The set of all matrices in \(\mathbb{R}^{m \times n}\) is a vector space. So it makes sense to talk about the norm of a matrix. There are many ways to define norms for matrices, but the most important for us are induced norms. For a matrix \(A \in \mathbb{R}^{m \times n}\), the induced \(p\)-norm is \[\|A\|_p = \max \{\|Ax\|_p : x \in \mathbb{R}^n, \|x\|=1\}.\]
Two important special cases are

When \(p=2\), the induced norm \(\|A\|_2\) is the square root of the largest eigenvalue of \(A^T A\).
When \(p=\infty\), the induced norm \(\|A\|_\infty\) is the largest 1-norm of the rows of \(A\). Note: In class, I mistakenly said that the induced \(\infty\)-norm of a matrix is the largest entry of the matrix in absolute value.

Condition Number

For a matrix \(A \in \mathbb{R}^{n \times n}\), \(\kappa(A) = \|A\| \, \|A^{-1}\|\) (using any induced norm, although \(\ell_2\) is the most common). Then for a linear system \(Ax = b\), the relative error in the solution is given by \[\frac{\|x-x'\|}{\|x\|} \le \kappa(A) \frac{\|b-b'\|}{\|b\|}.\] This is because, \(\|b\| = \|A x \| \le \|A\| \, \|x\|\) and \(\|x-x'\| = \|A^{-1}(b-b')\| \le \|A^{-1}\| \, \|b-b'\|\), so putting both together gives \[\|b\| \|x-x'\| \le \|A\| \, \|A^{-1}\| \, \|x\| \, \|b-b'\|.\]
This leads directly to the inequality above when you separate the factors with \(x\) from those with \(b\).

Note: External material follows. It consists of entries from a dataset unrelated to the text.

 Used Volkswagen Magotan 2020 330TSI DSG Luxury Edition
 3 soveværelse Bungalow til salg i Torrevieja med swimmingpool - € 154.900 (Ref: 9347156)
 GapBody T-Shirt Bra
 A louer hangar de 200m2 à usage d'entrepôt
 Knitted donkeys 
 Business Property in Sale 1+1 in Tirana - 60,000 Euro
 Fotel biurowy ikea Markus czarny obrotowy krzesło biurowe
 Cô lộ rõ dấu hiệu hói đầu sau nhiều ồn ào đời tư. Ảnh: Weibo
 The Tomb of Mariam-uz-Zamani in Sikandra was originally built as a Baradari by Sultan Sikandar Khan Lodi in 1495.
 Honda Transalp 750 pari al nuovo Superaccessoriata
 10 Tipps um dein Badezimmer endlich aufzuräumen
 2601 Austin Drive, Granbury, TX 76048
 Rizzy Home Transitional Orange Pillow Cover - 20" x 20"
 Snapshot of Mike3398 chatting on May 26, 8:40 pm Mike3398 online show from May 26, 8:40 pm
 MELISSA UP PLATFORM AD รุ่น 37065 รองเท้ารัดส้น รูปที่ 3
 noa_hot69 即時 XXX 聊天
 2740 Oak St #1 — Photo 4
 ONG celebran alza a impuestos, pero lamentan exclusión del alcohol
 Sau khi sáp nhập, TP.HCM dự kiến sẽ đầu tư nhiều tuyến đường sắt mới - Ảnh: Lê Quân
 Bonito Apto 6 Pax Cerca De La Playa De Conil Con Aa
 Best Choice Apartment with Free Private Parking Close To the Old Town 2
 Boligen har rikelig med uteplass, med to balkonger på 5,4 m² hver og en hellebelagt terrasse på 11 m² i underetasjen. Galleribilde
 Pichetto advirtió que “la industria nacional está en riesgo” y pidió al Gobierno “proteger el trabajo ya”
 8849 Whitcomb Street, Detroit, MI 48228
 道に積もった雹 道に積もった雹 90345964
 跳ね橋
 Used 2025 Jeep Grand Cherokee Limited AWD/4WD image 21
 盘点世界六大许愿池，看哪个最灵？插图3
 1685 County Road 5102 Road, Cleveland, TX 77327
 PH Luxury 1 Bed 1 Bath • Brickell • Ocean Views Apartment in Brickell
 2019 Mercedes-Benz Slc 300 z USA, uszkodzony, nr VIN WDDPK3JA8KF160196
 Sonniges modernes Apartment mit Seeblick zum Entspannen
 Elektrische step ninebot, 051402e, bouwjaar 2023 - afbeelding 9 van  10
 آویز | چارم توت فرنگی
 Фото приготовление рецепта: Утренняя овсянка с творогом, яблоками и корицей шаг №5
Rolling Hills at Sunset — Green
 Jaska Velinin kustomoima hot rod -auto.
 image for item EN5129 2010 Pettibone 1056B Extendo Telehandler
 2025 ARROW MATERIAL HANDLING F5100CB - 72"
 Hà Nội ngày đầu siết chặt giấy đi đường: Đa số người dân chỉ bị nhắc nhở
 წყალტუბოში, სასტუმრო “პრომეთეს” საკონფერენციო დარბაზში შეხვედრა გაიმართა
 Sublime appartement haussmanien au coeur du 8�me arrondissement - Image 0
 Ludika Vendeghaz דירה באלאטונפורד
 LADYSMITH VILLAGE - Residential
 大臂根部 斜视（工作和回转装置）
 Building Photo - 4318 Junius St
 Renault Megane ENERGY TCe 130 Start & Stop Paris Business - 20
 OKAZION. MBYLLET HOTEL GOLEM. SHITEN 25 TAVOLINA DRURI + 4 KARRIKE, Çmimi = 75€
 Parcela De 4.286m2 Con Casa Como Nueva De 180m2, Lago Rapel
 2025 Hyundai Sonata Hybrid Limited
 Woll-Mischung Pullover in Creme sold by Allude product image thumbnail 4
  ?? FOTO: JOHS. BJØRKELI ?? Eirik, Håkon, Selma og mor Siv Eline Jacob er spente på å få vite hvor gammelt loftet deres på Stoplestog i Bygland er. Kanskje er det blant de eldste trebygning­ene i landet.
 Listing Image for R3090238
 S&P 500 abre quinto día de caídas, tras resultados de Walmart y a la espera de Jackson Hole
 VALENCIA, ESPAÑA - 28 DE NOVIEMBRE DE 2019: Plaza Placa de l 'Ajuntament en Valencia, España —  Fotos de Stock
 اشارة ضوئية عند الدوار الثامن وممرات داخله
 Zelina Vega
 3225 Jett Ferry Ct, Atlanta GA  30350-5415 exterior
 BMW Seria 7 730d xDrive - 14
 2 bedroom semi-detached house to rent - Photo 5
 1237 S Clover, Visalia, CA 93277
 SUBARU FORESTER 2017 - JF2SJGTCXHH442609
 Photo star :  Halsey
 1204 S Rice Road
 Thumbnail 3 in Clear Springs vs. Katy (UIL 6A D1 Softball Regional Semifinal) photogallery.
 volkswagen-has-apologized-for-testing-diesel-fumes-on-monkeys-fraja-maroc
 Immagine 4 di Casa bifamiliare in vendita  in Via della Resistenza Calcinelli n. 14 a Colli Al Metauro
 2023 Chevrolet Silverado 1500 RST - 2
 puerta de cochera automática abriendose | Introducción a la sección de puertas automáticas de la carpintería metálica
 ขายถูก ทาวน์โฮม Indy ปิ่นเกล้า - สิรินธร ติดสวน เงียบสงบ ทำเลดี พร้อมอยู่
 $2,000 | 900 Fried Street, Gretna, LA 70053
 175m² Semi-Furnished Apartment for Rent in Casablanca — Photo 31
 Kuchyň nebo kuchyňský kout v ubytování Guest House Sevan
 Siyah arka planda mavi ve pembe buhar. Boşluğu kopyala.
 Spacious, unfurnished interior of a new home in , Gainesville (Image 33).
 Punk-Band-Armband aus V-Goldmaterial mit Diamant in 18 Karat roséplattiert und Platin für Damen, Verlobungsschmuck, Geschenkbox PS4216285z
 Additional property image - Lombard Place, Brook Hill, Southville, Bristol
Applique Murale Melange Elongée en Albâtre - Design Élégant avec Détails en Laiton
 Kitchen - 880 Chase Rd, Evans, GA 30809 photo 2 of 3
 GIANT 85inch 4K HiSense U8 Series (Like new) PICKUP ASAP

From this equation, we get the following:

Rule of thumb. If the entries of \(A\) and \(b\) are both accurate to \(n\)-significant digits and the condition number of \(A\) is \(\kappa(A) = 10^k\), then the solution of the linear system \(Ax = b\) will be accurate to \(n-k\) significant digits.